On 17/11/2022 15:59, Mark Brown wrote:

> So this is an issue in the MIPI DBI code where the interpretation of 
> the buffer passed in depends on both the a caller parameter and the 
> capabilities of the underlying SPI controller, meaning that a driver 
> can suddenly become buggy when used with a new controller?

The MIPI DBI code is fine, in fact it is doing the correct thing in the
mipi_dbi_typec3_command() function. The problem is that the ILI9486
driver is hijacking that function installing its own hook that is wrong.

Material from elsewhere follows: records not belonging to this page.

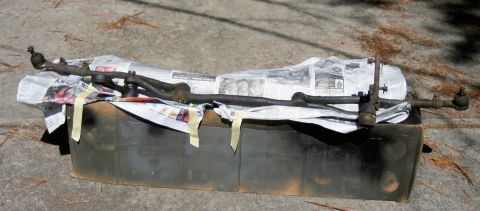 1976 Ford Ranchero - Steering linkage parts are displayed on a surface, possibly for repair or sale.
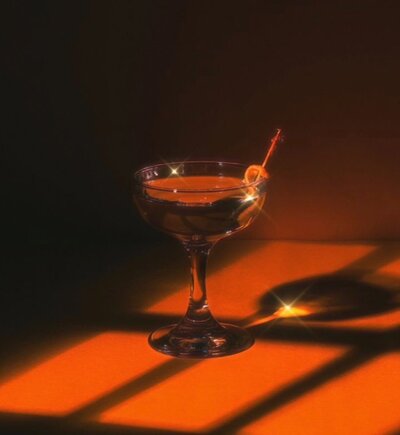 A photo of a cocktail drink in orange lighting being sparkly 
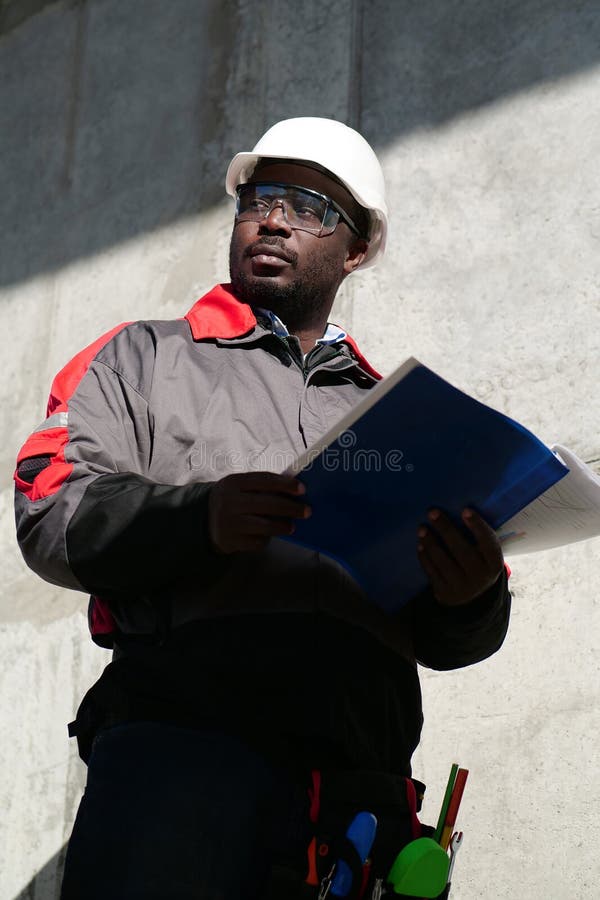 African American Worker Stands at Construction Site with Work Papers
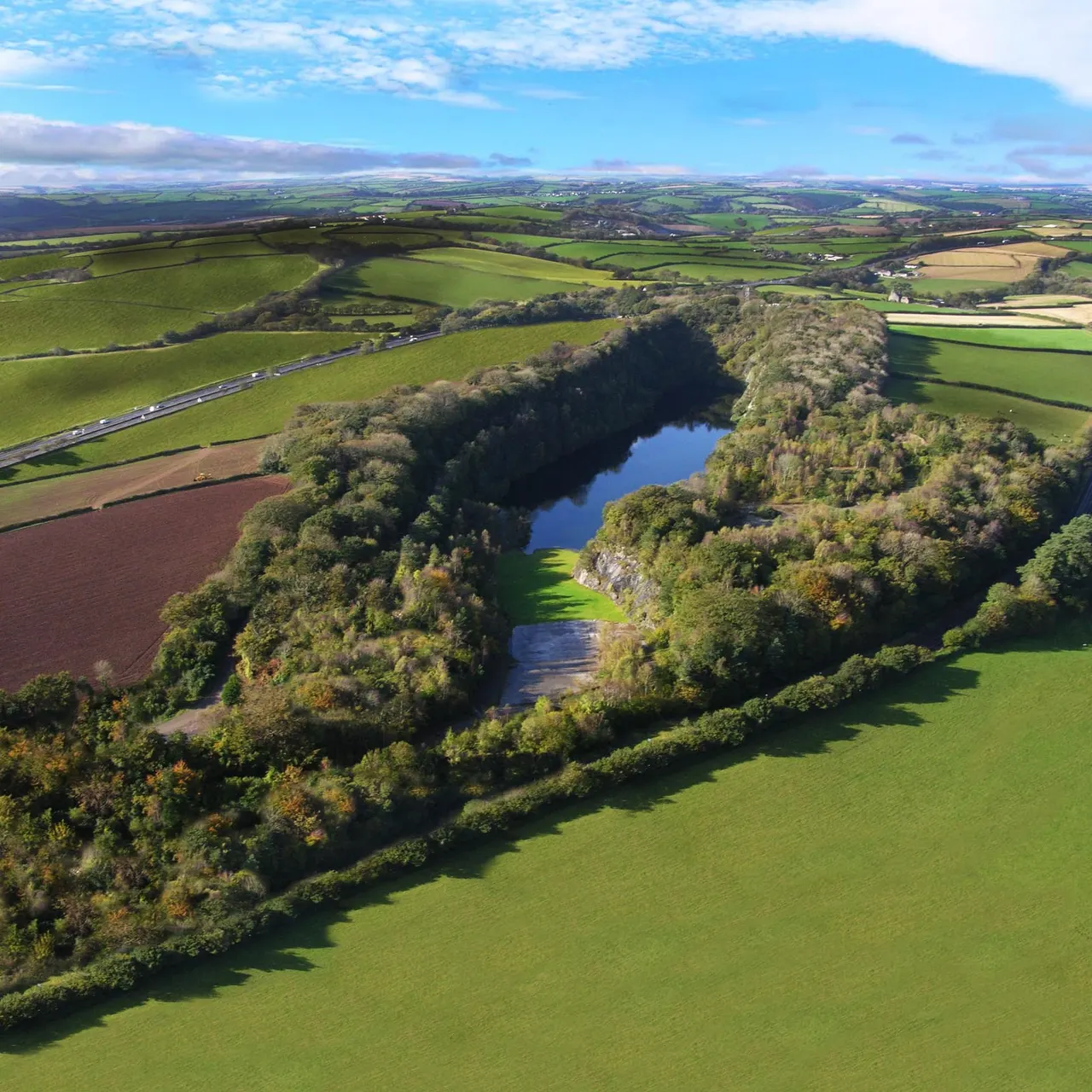 Aerial view of a river flowing through a wooded gorge surrounded by green farmland and fields.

> I can't really tell what the bits per word being passed in along
> with the buffer is supposed to mean, I'd have expected it to
> correspond to the format of the buffer but it seems like perhaps the
> buffer is always formatted for 16 bits and the callers are needing to
> pass in the capabilities of the controller which is then also checked
> by the underlying code? This all seems extremely confusing, I'm not 
> surprised there's bugs.

Correct, the buffer (pixel data) is always formatted for 16 bits and the
bpw is to indicate how this data should be put on the bus (according to
the controller capability).

If the controller is only capable of 8-bit transfers, the 16-bit data
needs to be swapped to account for the big endian bus, while this is not
needed if the controller already supports 16-bit transfers.

The decision to swap the data or not is taken in the MIPI DBI code by
probing the controller capabilities, so if the controller only supports
8-bit the data is swapped, otherwise it is not.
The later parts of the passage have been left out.